Monitoring Training with TensorBoard

TensorBoard is a powerful tool that allows you to visualize and monitor the training process of your voice models. By keeping an eye on the graphs in TensorBoard, you can get a better understanding of how your model is learning and identify potential issues like overtraining.

  1. Launch TensorBoard: Run the run-tensorboard.bat file in your Applio directory, or open a terminal and run the command tensorboard --logdir=logs.
  2. Open in Browser: Open your web browser and navigate to http://localhost:6006 (or the address shown in your terminal).
  3. Navigate to Scalars: In the TensorBoard interface, click on the Scalars tab.
  4. Find the “g/total” Graph: This graph shows the total loss for the generator, which is the most important metric for tracking the overall progress of your training.

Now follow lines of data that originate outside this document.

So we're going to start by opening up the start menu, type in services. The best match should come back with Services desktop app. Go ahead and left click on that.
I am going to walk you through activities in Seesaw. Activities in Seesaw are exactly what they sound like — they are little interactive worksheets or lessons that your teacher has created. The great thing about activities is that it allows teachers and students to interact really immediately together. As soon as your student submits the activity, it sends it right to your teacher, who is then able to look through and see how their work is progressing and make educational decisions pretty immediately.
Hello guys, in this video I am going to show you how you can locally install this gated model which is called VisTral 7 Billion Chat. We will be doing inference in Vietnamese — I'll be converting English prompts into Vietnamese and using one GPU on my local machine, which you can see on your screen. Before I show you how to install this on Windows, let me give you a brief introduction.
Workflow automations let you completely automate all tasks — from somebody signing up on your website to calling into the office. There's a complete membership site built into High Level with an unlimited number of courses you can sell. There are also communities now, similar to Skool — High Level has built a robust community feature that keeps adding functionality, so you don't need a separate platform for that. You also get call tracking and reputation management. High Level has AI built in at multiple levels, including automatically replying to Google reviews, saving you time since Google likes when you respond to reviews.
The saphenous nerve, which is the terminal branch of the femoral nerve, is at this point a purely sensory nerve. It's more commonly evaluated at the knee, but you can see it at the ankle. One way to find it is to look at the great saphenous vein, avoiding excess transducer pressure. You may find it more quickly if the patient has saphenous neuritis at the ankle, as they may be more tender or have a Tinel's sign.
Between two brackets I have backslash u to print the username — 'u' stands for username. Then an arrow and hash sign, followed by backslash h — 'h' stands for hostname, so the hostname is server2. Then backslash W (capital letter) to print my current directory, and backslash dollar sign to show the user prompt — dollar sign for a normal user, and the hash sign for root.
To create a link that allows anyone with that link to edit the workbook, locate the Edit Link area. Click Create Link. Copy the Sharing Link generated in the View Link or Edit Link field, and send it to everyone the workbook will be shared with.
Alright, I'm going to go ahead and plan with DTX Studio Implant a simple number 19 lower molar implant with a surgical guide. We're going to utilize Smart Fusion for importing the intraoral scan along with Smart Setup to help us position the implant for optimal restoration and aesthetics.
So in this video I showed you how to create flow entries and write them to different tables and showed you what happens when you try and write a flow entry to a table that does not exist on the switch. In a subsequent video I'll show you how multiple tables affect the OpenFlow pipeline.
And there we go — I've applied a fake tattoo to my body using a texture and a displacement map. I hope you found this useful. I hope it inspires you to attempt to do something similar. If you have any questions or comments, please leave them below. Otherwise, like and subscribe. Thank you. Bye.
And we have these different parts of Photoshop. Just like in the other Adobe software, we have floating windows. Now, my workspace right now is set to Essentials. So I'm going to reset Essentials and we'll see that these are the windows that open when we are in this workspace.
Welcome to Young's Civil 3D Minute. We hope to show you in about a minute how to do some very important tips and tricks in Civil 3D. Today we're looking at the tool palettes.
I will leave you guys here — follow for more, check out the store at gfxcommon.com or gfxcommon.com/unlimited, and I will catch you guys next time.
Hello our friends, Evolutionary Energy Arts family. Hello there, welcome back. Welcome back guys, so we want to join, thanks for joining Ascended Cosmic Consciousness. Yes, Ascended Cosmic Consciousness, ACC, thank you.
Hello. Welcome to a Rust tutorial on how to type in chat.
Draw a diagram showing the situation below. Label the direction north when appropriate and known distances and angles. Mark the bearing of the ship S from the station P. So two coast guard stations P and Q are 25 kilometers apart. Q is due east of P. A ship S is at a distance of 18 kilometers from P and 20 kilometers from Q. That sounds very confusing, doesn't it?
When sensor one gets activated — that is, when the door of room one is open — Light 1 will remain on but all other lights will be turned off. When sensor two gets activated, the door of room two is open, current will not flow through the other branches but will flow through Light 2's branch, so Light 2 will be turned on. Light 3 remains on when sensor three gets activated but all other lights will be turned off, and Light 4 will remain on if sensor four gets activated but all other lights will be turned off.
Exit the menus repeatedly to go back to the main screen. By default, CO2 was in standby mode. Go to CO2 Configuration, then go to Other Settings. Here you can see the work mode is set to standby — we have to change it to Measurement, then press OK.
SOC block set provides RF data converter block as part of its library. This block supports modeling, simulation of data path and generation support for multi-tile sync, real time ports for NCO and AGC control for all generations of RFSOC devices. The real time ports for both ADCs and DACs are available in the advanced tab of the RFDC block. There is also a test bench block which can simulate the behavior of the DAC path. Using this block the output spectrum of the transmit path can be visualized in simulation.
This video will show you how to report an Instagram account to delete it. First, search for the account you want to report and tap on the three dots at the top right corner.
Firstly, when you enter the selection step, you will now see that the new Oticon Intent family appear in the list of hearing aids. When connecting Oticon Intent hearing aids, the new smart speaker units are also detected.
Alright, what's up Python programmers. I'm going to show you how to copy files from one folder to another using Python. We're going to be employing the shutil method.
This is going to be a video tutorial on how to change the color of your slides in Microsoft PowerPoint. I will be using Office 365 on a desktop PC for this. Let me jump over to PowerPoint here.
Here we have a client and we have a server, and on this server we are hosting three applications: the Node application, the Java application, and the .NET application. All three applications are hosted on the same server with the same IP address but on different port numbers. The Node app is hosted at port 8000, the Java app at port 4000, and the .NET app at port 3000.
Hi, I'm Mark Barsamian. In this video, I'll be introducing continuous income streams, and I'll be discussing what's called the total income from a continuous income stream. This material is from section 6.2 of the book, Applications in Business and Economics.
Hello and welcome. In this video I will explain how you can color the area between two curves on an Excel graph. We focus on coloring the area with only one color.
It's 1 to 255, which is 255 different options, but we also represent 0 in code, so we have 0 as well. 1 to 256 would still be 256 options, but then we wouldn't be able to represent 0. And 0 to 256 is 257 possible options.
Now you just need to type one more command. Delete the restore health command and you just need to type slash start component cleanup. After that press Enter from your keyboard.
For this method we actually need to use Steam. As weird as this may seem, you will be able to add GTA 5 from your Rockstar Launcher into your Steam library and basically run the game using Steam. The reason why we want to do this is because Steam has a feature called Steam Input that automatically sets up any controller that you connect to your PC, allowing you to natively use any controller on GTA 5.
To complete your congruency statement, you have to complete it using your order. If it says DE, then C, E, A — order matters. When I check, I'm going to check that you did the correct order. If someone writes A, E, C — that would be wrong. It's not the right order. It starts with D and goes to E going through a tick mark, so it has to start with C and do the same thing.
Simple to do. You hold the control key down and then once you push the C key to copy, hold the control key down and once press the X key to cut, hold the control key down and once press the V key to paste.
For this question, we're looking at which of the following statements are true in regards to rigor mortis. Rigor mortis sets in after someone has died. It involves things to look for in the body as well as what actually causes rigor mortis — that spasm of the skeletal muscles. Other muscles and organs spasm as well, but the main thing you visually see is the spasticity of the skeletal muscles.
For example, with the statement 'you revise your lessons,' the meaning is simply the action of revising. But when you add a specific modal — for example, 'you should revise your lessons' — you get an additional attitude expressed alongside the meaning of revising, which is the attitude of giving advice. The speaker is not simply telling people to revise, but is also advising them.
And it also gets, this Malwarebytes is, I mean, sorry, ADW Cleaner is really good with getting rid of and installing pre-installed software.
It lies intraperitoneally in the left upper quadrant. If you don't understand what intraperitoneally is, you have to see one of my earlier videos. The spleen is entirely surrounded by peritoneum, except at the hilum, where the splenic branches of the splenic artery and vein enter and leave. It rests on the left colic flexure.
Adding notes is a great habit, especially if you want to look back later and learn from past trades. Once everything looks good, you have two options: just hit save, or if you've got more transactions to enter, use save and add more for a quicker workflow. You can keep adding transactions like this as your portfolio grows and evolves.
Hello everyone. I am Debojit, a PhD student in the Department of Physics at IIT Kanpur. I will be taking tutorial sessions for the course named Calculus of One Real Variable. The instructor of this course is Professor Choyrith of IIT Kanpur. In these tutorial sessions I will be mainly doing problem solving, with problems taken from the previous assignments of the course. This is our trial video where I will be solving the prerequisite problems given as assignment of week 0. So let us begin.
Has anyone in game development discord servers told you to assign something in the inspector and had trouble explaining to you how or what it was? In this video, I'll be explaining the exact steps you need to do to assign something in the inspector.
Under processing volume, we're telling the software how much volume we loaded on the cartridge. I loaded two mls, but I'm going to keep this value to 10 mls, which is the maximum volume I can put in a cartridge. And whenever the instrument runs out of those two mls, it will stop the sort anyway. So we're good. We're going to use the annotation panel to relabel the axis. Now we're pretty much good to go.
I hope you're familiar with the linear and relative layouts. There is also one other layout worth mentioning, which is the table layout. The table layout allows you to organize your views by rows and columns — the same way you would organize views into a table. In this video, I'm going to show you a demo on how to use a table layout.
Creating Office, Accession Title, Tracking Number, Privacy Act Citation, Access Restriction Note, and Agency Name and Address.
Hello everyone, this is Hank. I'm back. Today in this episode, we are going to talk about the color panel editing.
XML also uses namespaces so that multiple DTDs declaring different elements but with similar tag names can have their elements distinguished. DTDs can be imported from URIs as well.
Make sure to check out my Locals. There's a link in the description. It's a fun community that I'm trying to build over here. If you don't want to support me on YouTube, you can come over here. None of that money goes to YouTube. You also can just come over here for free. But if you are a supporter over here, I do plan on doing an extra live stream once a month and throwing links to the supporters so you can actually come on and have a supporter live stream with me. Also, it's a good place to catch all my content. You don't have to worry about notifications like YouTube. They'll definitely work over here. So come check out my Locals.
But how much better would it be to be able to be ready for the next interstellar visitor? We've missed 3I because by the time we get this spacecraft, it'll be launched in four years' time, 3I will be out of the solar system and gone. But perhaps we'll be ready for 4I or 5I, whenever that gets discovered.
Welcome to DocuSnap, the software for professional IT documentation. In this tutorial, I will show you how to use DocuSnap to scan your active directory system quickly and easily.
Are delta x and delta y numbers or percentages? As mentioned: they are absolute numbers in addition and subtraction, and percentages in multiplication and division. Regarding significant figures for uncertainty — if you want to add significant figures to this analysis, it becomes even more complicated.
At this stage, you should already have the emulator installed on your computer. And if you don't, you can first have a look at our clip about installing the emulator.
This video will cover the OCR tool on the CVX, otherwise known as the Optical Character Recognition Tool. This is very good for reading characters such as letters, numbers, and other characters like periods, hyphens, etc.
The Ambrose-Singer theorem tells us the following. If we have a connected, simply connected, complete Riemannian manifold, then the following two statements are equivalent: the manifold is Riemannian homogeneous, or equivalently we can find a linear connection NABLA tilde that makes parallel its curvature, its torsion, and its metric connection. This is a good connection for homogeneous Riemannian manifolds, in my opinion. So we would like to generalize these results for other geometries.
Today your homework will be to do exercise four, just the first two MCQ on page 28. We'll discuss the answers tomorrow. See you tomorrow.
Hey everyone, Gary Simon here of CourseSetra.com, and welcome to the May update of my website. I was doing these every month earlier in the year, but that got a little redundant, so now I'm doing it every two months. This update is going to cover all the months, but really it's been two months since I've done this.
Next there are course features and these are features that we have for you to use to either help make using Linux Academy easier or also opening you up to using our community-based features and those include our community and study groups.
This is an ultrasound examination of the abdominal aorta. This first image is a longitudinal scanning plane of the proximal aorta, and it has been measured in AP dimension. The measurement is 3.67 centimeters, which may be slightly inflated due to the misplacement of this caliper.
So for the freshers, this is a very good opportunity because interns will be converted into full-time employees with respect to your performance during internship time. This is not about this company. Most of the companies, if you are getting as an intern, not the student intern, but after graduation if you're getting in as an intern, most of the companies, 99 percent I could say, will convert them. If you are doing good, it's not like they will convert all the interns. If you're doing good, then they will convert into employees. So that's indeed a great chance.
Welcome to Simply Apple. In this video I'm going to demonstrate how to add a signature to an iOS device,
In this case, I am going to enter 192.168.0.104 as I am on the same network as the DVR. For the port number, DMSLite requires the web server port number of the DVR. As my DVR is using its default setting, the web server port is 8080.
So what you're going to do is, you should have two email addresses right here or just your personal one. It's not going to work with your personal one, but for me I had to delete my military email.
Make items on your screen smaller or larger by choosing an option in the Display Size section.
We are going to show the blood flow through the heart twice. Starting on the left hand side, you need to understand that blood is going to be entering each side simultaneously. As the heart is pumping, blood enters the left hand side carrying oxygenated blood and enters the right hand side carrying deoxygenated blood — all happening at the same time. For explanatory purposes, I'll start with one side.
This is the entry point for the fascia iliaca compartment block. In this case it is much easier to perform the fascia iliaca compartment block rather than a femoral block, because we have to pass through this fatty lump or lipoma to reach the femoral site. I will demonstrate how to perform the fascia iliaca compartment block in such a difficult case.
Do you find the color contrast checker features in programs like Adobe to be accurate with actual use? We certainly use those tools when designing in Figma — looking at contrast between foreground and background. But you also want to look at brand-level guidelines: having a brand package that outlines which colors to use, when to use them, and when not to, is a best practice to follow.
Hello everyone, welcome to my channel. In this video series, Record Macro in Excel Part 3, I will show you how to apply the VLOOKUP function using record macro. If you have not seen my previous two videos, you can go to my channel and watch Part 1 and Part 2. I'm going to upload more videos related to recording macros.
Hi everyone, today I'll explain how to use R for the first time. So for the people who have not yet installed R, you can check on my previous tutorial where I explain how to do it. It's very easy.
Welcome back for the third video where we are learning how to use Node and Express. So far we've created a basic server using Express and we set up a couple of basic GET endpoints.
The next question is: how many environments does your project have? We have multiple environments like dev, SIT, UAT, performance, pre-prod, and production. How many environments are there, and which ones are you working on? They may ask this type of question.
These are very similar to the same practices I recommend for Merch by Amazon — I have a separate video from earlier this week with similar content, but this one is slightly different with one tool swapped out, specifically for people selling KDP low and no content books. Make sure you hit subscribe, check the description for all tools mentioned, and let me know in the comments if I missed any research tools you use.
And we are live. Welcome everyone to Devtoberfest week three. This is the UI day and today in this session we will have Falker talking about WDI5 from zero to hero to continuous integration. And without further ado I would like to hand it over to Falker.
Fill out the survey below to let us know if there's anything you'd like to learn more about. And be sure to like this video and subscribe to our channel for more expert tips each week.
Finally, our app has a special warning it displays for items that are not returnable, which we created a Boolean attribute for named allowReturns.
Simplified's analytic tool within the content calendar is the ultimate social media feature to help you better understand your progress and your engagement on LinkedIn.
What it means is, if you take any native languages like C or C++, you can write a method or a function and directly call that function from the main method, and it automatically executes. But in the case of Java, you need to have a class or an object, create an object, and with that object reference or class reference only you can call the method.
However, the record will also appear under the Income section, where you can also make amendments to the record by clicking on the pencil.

A screenshot of the TensorBoard interface, showing the 'g/total' graph in the 'Scalars' tab.

Overtraining happens when a model learns the training data too well, including its noise and imperfections. An overtrained model will perform poorly on new data, so it’s important to stop training at the right time.

The “lowest point” on the g/total graph is a good indicator of when to stop training. This is the point where the loss value is at its lowest before it starts to rise or plateau.

A screenshot of the 'g/total' graph in TensorBoard, with the lowest point highlighted.

To find the best version of your model, look for the lowest point on the g/total graph and note the corresponding step number. You can then find the saved model file (.pth) with the closest step number in your logs folder.

For more advanced users, you can also monitor these graphs:

  • loss/g/mel: The mel spectrogram loss. This should generally decrease throughout training. If it starts to rise, it could be a sign of overtraining.
  • loss/g/kl: The KL divergence loss. This should also decrease over time.
  • loss/d/total: The total discriminator loss. This will likely go up at the beginning of training and then start to decrease.

A healthy training process will show a general downward trend in all these loss values over time. By keeping an eye on these graphs, you can gain a deeper understanding of your model’s training process and make more informed decisions.